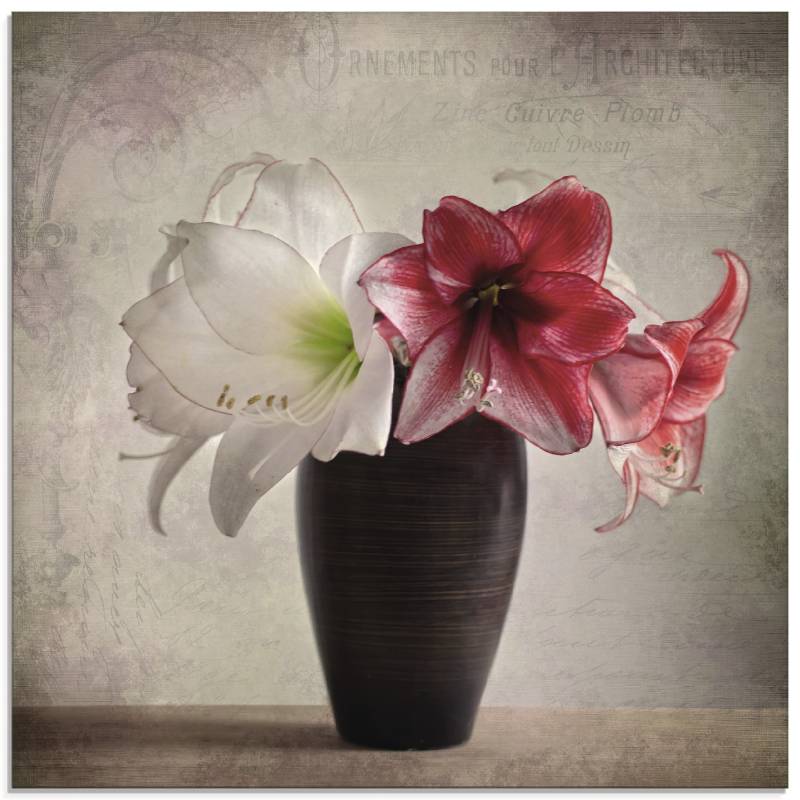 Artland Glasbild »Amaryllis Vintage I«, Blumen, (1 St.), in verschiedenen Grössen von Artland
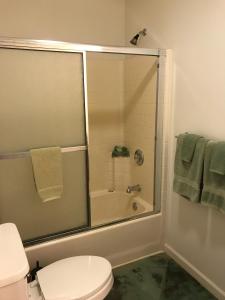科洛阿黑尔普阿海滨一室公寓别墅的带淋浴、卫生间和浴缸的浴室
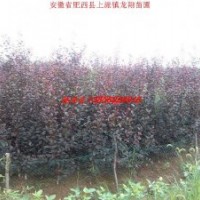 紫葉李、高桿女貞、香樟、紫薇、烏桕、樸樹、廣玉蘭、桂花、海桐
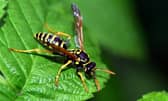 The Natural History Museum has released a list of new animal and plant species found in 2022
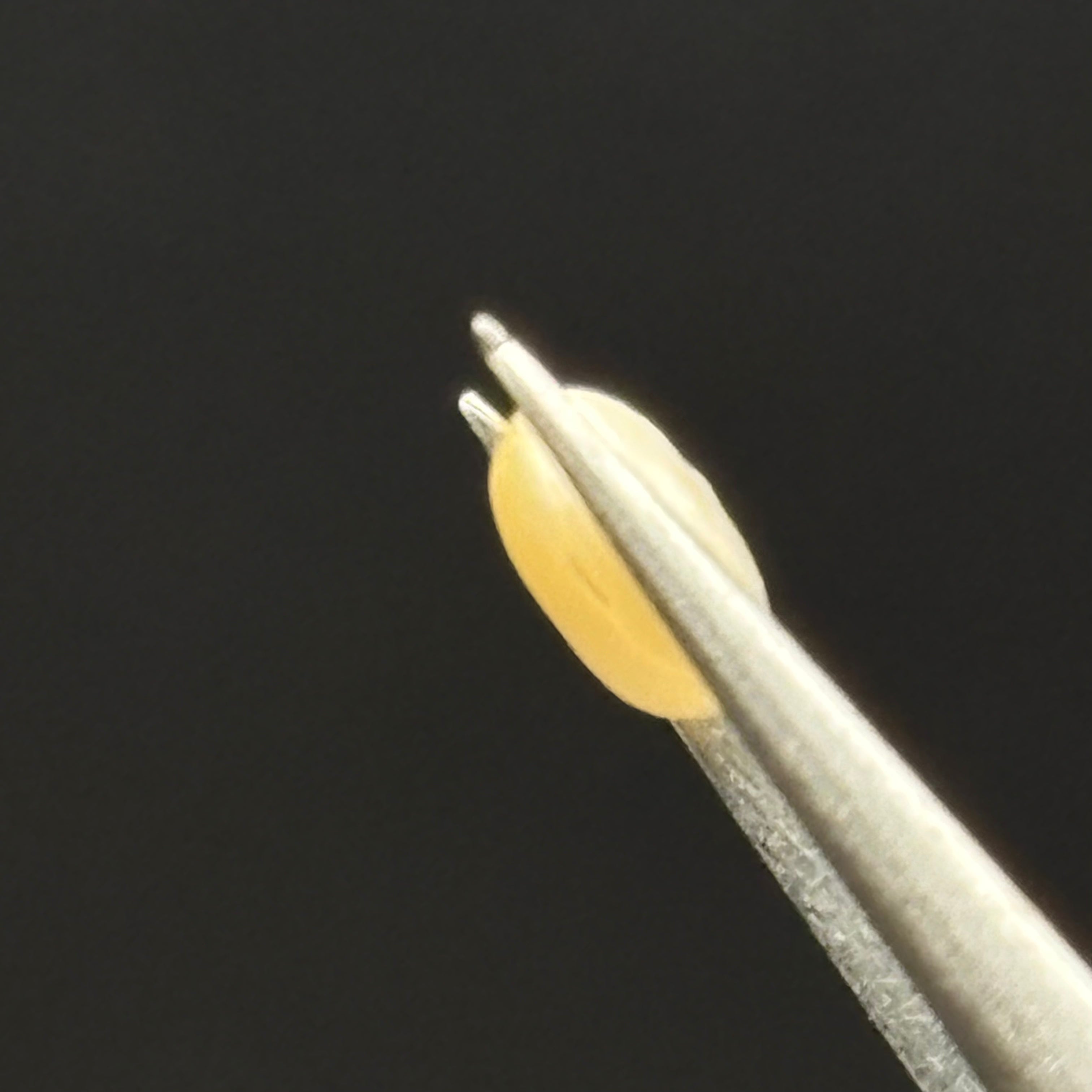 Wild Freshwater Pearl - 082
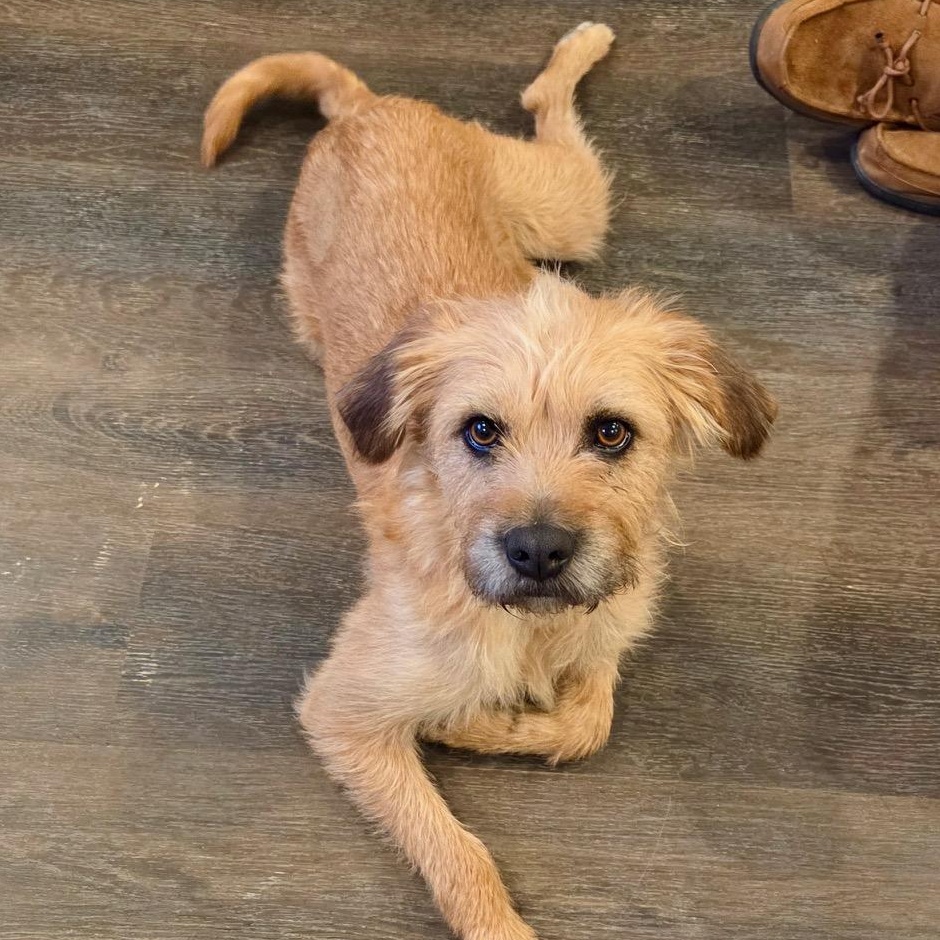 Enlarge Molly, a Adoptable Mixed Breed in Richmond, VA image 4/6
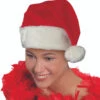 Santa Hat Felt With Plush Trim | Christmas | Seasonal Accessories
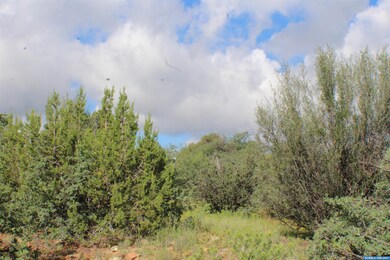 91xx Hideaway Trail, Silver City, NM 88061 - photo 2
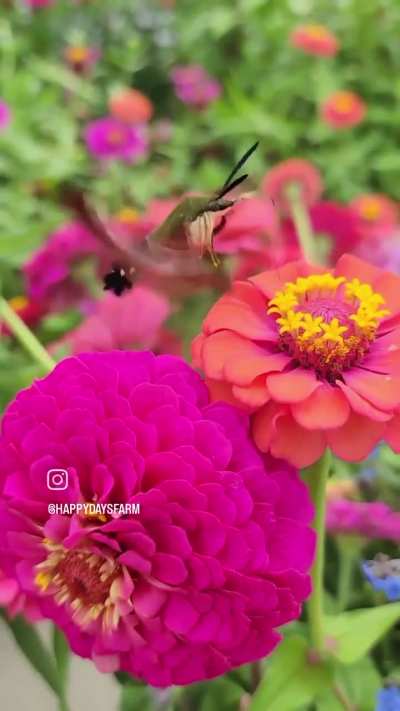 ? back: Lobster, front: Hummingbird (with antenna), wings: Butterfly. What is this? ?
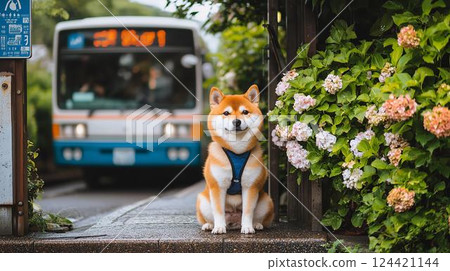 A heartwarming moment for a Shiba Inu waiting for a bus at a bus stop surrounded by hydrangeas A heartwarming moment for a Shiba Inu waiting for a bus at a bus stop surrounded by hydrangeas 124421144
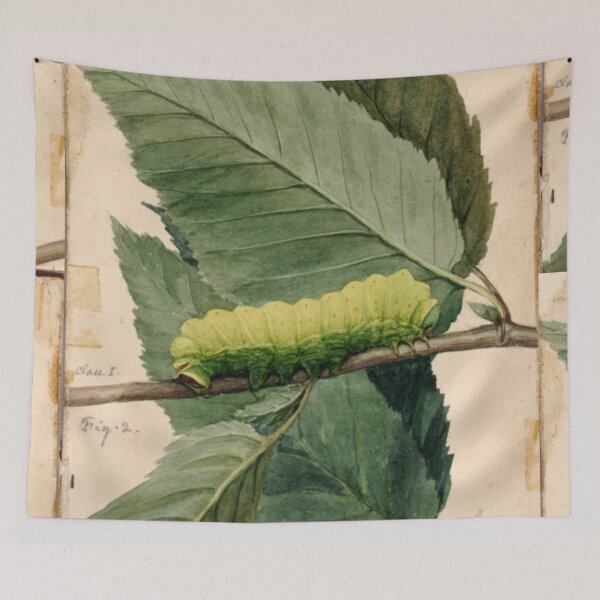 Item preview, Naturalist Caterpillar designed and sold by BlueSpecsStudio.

========================

Once the line containing "Enlarge Molly, a" has been found, write out exactly that line and each one after it through the end of the data, leaving out every picture.

 Enlarge Molly, a Adoptable Mixed Breed in Richmond, VA image 4/6
 Santa Hat Felt With Plush Trim | Christmas | Seasonal Accessories
 91xx Hideaway Trail, Silver City, NM 88061 - photo 2
 ? back: Lobster, front: Hummingbird (with antenna), wings: Butterfly. What is this? ?
 A heartwarming moment for a Shiba Inu waiting for a bus at a bus stop surrounded by hydrangeas A heartwarming moment for a Shiba Inu waiting for a bus at a bus stop surrounded by hydrangeas 124421144
 Item preview, Naturalist Caterpillar designed and sold by BlueSpecsStudio.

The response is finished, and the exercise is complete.